Lillian Roxon (8 February 1932 – 10 August 1973) was a noted Australian journalist and author, best known for Lillian Roxon's Rock Encyclopedia (1969).[1][2]

Early life[edit]

She was born Lillian Ropschitz in Alassio, Province of Savona, Italy. Her family, originally from Lwów in Ukraine, then Poland, moved to the coastal town of Alassio in Italy.

As the Ropschitz family were Jewish, they migrated to Australia in 1937 to escape the rise of fascism, and settled in Brisbane. Shortly after their arrival, the family anglicised their names; the surname Roxon was Lillian's suggestion.
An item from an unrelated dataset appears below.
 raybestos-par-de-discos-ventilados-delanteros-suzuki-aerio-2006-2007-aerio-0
She studied at the University of Queensland, where she met and had a brief affair with Zell Rabin, who gave Lillian her first job in America and who became a key associate of media magnate Rupert Murdoch in the early 1960s. She pursued further studies at the University of Sydney from 1949, where she fell in with the cultural movement known as the Sydney Push, then congregating at the Lincoln Inn.[3]
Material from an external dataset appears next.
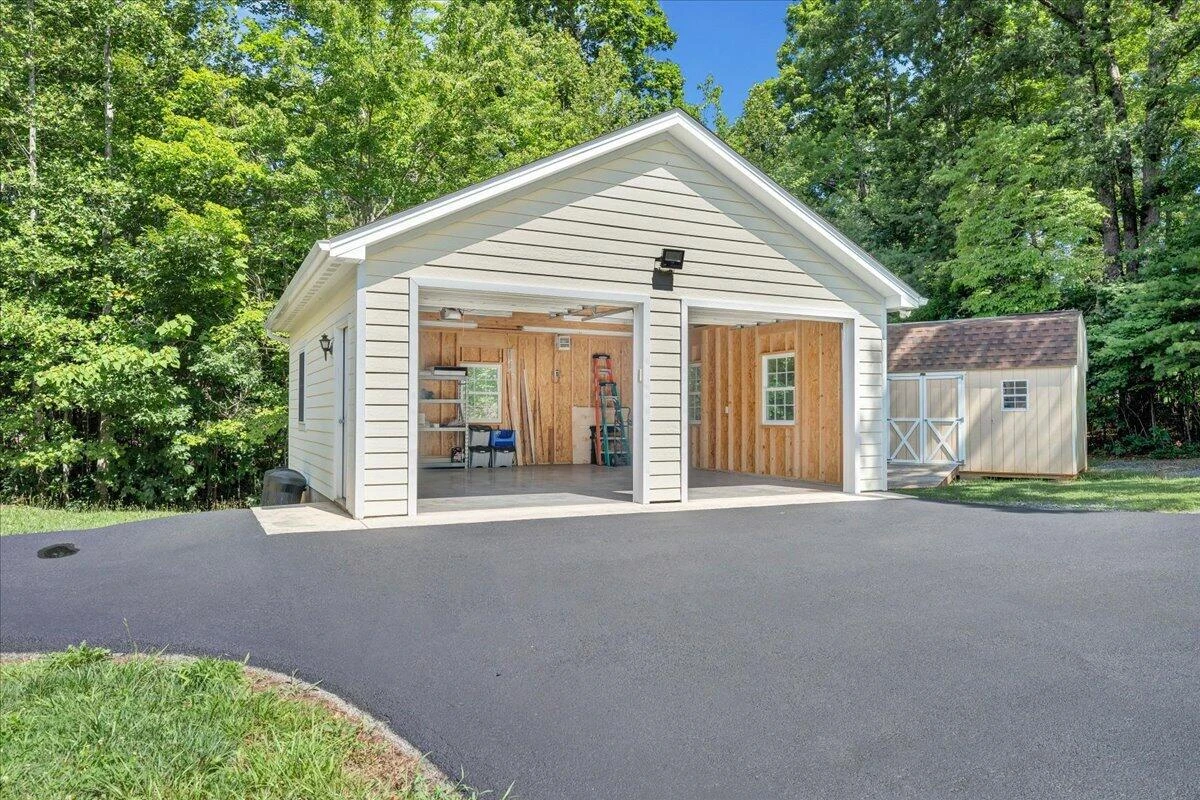 2677 Tolers Ferry RD - Photo 69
In the process, she attracted the attention of an ASIO operative and was "reported on 25-6-51 as a communist sympathiser".[4] She began her career in newspapers in Sydney and for several years worked for the tabloid magazine Weekend, owned by newspaper magnate Sir Frank Packer and edited by journalist and author Donald Horne.
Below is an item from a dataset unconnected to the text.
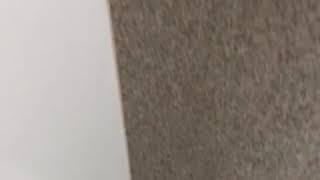 Столешница для ванной из камня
In 1959 she moved permanently to New York, becoming the first Australian female overseas correspondent and the first Australian journalist to establish a high profile in the U.S. From 1962 onward, she was the New York correspondent for The Sydney Morning Herald and over the next ten years she carved out a career reporting on arts, entertainment and women's issues for the Australian, American and British press.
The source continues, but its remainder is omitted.